Keywords: ABY-029; Affibody Control Imaging Agent; Affibody molecule; IRDye 680RD; IRDye 700DX; IRDye 800CW; epidermal growth factor receptor; fluorescence guided surgery; head and neck cancer; paired-agent imaging.

Figure 1.

The paired-agent imaging (PAI) approach uses tissue transport of two fluorescent agents to quantify EGFR expression: 1) an untargeted Control Agent (ROI_C); and 2) an extracellular receptor Targeted Agent (ROI_T). K₁ and k₂ are the rates of extravascular leakage and tissue efflux, respectively; & k₃ and k₄, “on” and “off” rates of targeted tracer binding. Kinetic PAI: The Lammertsma equation where R₁ is equation to K₁/K₁’. Single Time Point PAI: describes the calculation of BP with single time point images at times >30 min post-injection. Binding Potential (BP): The key parameter, k₃/k₄, is proportional to B_avail, the concentration of available binding sites, and k_A, the receptor-target binding affinity (inversely proportional to k_D, the receptor-target dissociation constant).

Figure 2.

Experimental image collection for SCC-15 tumor demonstrating the experimental flow. Mice with subcutanteous SCC-15 tumors were injected with ABY-029 and IRDye 680RD-Affibody Control Imaging Agent. Fluorescent images were collected on the Odyssey CLx over an hour.
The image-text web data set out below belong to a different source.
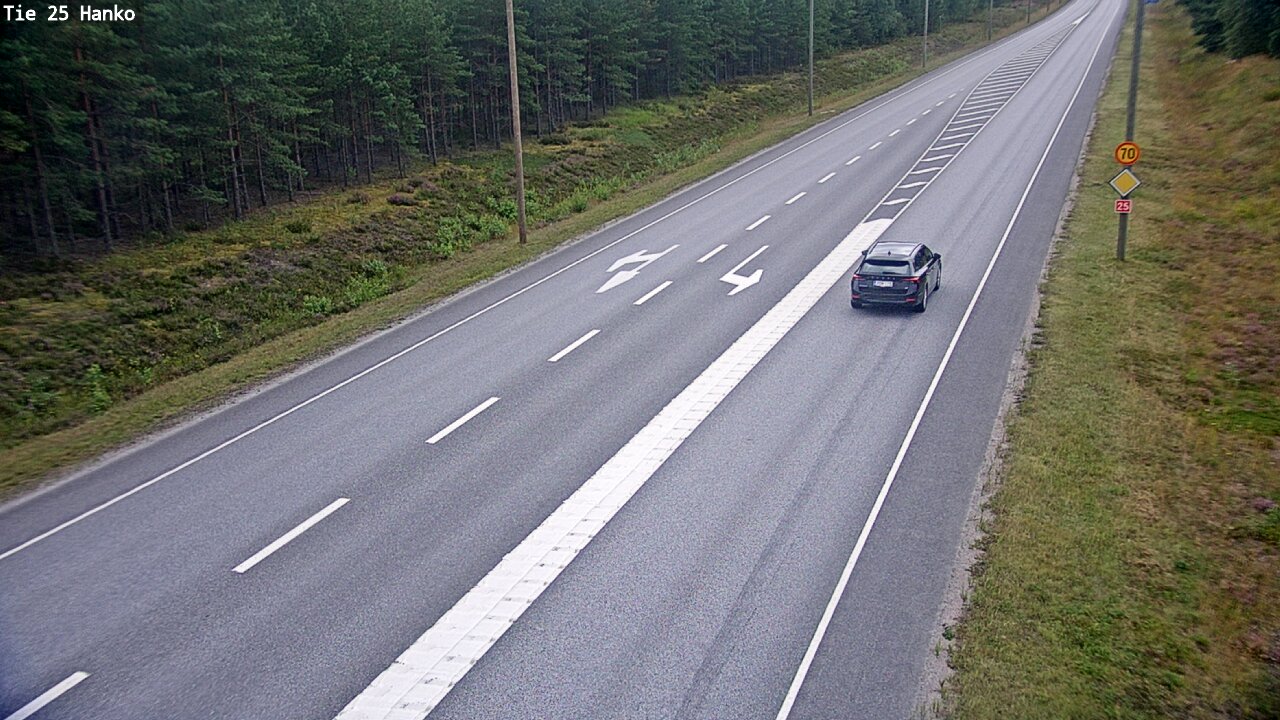 Kelikamerat Kuva Tie 25 Hanko, Hanko, Uusimaa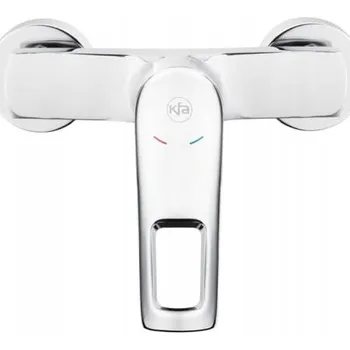 Vodovodní baterie Sprchová baterie KFA Armatura Amazonit stříbrná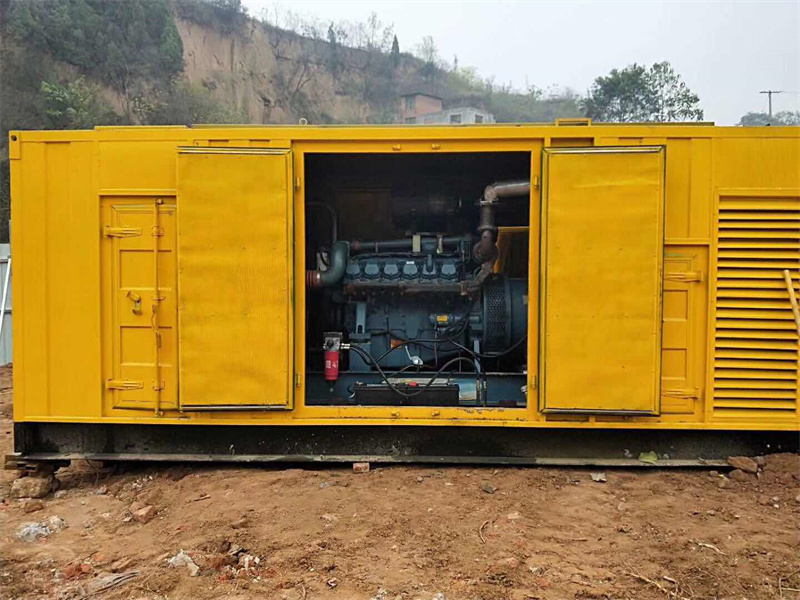 郁南发电机租赁冷却液的沸点降低到多少时需要更换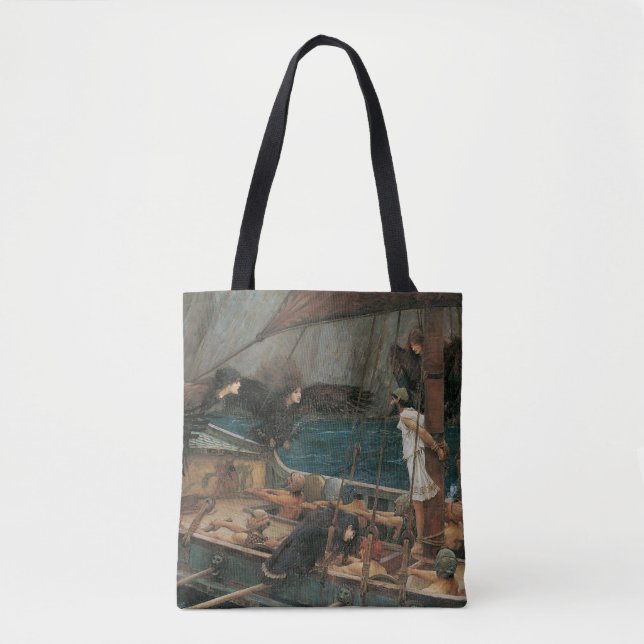 Ulysses und die Sirens von John William Waterhouse (Vorderseite)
The final images collected at 60 minutes are shown here for both ABY-029 and IRDye 680RD-Aff_ctrl. The corresponding and inherently aligned binding potential (BP) map is shown next to the aligned EGFR IHC performed in Matlab. The EGFR IHC image was color separated to isolate the brown stain only, and this brown stain was compared to the BP map, ABY-029 fluorescence and IRDye 680-Aff_ctrl fluorescence.

Figure 3.

EGFR expression measured in vitro correlates with in vivo BP measures. A) EGFR molecules per cell were quantified in vitro in five HNSCC cell lines using quantitative flow cytometry and are compared to the ‘gold standard’ of EGFR producing cell line, A431. B) High (SCC-15), moderate (SCC-25) and low (SCC-9) EGFR expressing cell lines were measured in vivo using PAI to determine the BP, which is proportional to EGFR concentration. C) The in vitro EGFR receptors per cell are plotted against the in vivo BP and a linear regression demonstrates that the two measures of EGFR correlate well.

Figure 4.

Correlation of EGFR stain intensity from immunohistochemistry with binding potential (left) and targeted ABY-029 (green, right) and non-targeted IR680-Aff_ctrl (red, right). BP displays a strong positive linear correlation with EGFR expression, while ABY-029 and IR680-Aff_ctrl display moderate and weak, negative linear correlations, respectively, with EGFR.

Figure 5.

Selection of clinically relevant agents for PAI. A) ABY-029 and IRDye 700DX are both in clinical trials and display very similar plasma excretion curves. B) Previous studies [27, 28] utilized EGF-IRDye 800CW and IRDye 700DX [27], and anti-EGFR Affibody molecule labeled with IRDye 800CW and IR680-Aff_ctrl [28]. The binding potential calculated in the same 4 tumor lines are linearly correlated with a strong, positive Pearson’s correlation (r = 0.98). C) The normalized fluorescence uptake in normal tissues (muscle, skin, fat) are similar. D) The binding potential map of normal tissue in a naïve mouse indicates that ABY-029 and IRDye 700DX be success paired-agents.